Pass 4 — Code generation
========================

Entry point: ``codegen::GenerateTarget`` (``src/codegen/mod.rs``) — a
clap-derived enum with one variant per backend, each wrapping that
backend's ``Args`` struct (empty for most, carrying flags like
``--package`` / ``--namespace`` for Java and C#). The CLI parses the
target subcommand into a ``GenerateTarget`` and calls ``.emit(&st)``,
which dispatches to the chosen backend's ``emit`` function.

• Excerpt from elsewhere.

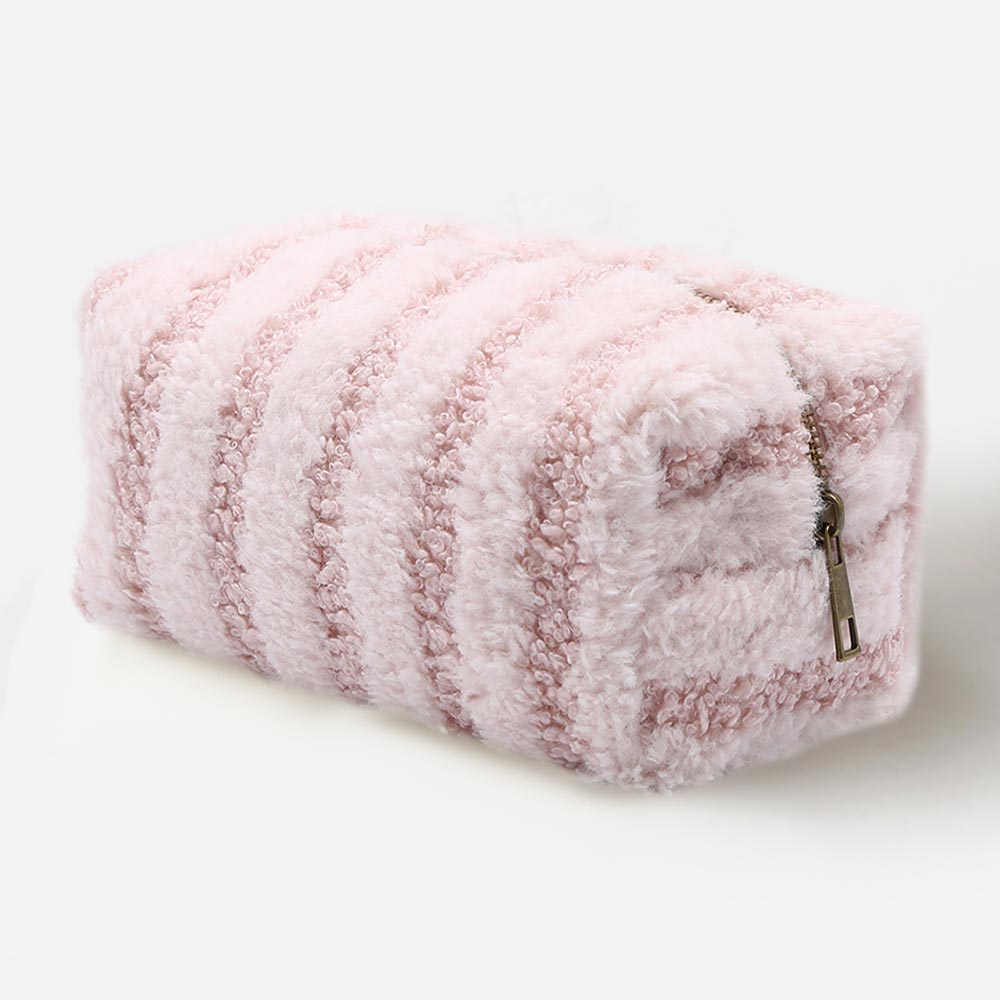 Stripe Pouch Bag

Backend
implementations live under ``src/codegen/<target>.rs``.

Inputs
------

A backend is a pure function::

    pub fn emit(st: &StateTable, args: &Args) -> Vec<EmittedFile>

Every backend reads the same ``StateTable``. An ``EmittedFile`` is
just a relative path plus UTF-8 contents — backends never touch the
filesystem themselves; the CLI handles that.

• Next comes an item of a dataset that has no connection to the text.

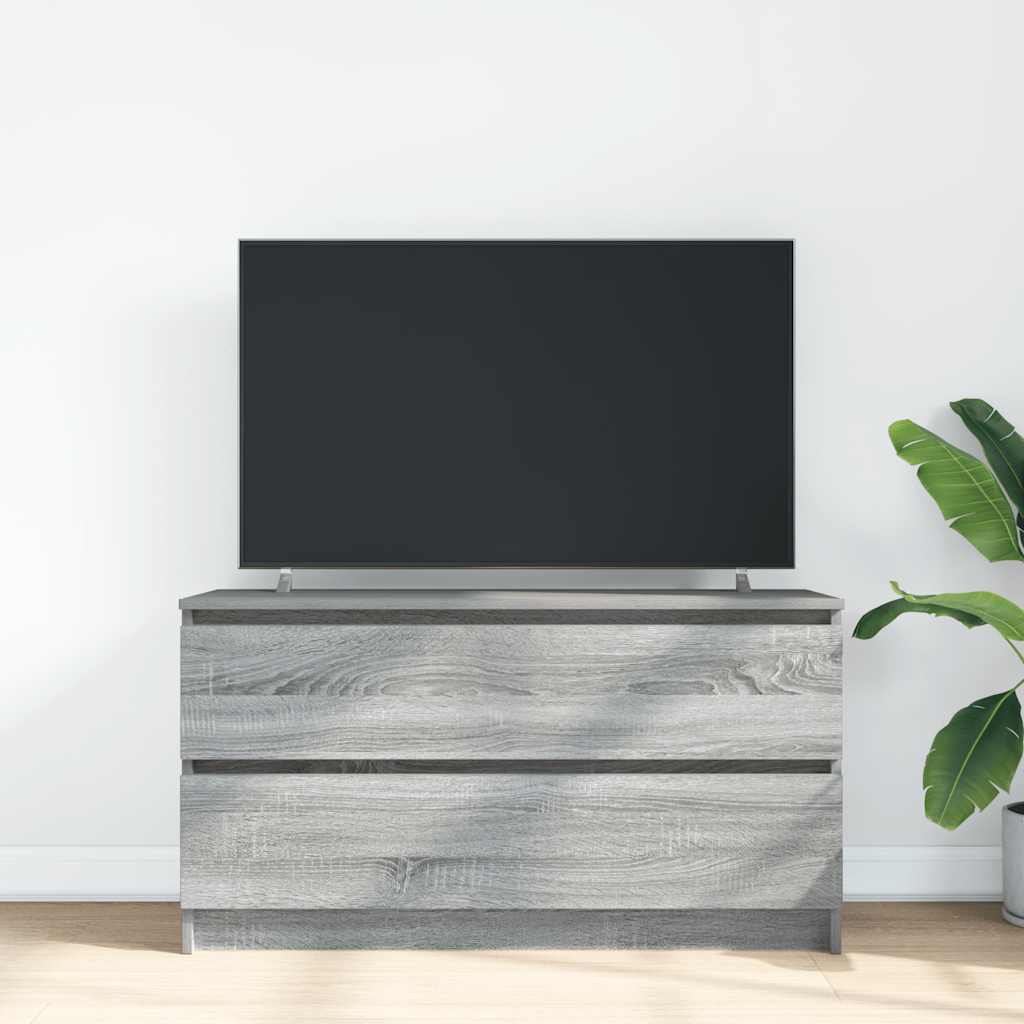 TV Cabinet Gray Sonoma 100 x 35 x 54 cm Engineered Wood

The shape each backend produces
-------------------------------

All backends produce the same logical artifacts, encoded in the
target language's idioms:

1. **TokenKind enum.** One variant per entry in ``state_table.tokens``,
   plus ``EOF = 0``. Representation per language:

   * Rust / TypeScript / Python (PyO3 wraps Rust): ``u16``.
   * Go / C: ``uint16`` / ``uint16_t``.
   * C#: ``ushort``.
   * Java: ``int`` (Java has no unsigned 16-bit primitive — values stay
     in the ``0..0xFFFF`` range).

   Lex failures are not a TokenKind variant; they ride the optional /
   sentinel convention chosen per language.
2. **Lex-failure representation.** Languages with a free structural
   nullable carry the kind as that:

   * Rust: ``Token<TK> { kind: Option<TK>, … }``.
   * TypeScript: ``Token<TK> { kind: TK | null, … }``.
   * Python: ``Optional[int]`` on the PyO3 ``Token`` wrapper.

   Unsigned-int backends use the in-band sentinel value ``0xFFFF`` for
   "no DFA pattern matched":

   * Go: ``Token { Kind uint16, … }``; the runtime exposes
     ``parsunart.ErrorKind = 0xFFFF``.
   * Java: ``Token { int kind, … }``; the runtime exposes
     ``Lexer.ERROR_KIND = 0xFFFF``.
   * C#: ``Token(ushort Kind, …)``; the runtime exposes
     ``Lexer.ErrorKind = 0xFFFF``.
   * C: ``{ uint16_t kind; … }``; the runtime defines
     ``PARSUNA_LEX_ERROR = 0xFFFF`` and the public header re-exports it
     as ``{upper}_LEX_ERROR``. FIRST and SYNC arrays both terminate with
     ``SENTINEL = 0xFFFF`` — same value as the lex-failure kind, but the
     two never appear in the same comparison context (sentinels are
     array terminators only, the kind only appears on a ``Token``).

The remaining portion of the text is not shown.